Bank of America's top 10 trades for 2023
Bank of America's top 10 trades for 2023
Next year the U.S. will experience a mild recession with the fed funds rate peaking at 5.25% and the Fed eventually cutting in December, according to BofA strategists. Stocks will move sideways and the S&P 500 (SP500) (NYSEARCA:SPY) will end 2023 at 4,000, Michael Hartnett and team wrote in a note. "We stay bearish risk assets in H1, likely turn bullish H2," Hartnett said. "We are long US government bonds in H1" with "hard landing & credit event risks underpriced," Hartnett added, maintaining optimal S&P entry points of "nibble" at 3,600, "bite" at 3,300, and "gorge" at 3,000. Here are their top 10 trades for 2023:
- Long 30-year Treasury (US30Y) (TBT) (TLT) "on recession, unemployment, Fed cuts late’23, history (US Treasury returns have never fallen for 3 consecutive years)."
- Yield curve steepeners "as US yield curve always steepens as recession begins and markets anticipate Fed flipping from hikes to cuts."
- Short U.S. dollar (USDOLLAR) (DXY) (UDN), long emerging markets assets (EEM) (SPEM) (FEM), long EM distressed bonds, long Korean won on China reopening, long Mexican peso on "nearshoring."
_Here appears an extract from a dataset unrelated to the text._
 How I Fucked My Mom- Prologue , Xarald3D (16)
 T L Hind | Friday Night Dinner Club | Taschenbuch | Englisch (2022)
- Long China stocks (MCHI) (FXI) as "COVID reopening was v bullish for US/EAFE stocks, China has high 'excess savings' and China stocks remain v contrarian long trade."
- Long gold (XAUUSD:CUR) (GLD) (IAU), long copper (HG1:COM) (COPX) on "US$ peak, China reopening, metal inventory shortages, energy transition acceleration, need in 2020s for inflation hedges."
- Barbell credit with "long credit too consensus in ’23, we barbell long IG tech bonds (>5% yield + strong balance sheets) with distressed HY debt in Asia (17% yield)."
- Long global industrials (XLI) and small caps (IWM) on "secular leadership shift in 2020s from deflation to inflation assets, driven by globalization to localization, monetary to fiscal excess, inequality to inclusion and so on just beginning; capex set to be new macro bull story."
- Short U.S. tech (XLK) (XLC). The "old leadership, still over-owned, era of QE is no longer, era of globalization no longer, plus peak penetration and regulation risks."
- Short private equity (PSP) with "redemption risks given shadow banking exposures to housing & credit risks."
- Long EU banks, short Canadian, Australian, New Zealand and Swedish banks. "EU fiscal stimulus to wean Eurozone off Russian energy dependence, Chinese export dependence, US military dependence vs real estate market busts in Canada/Australia/NZ/Sweden."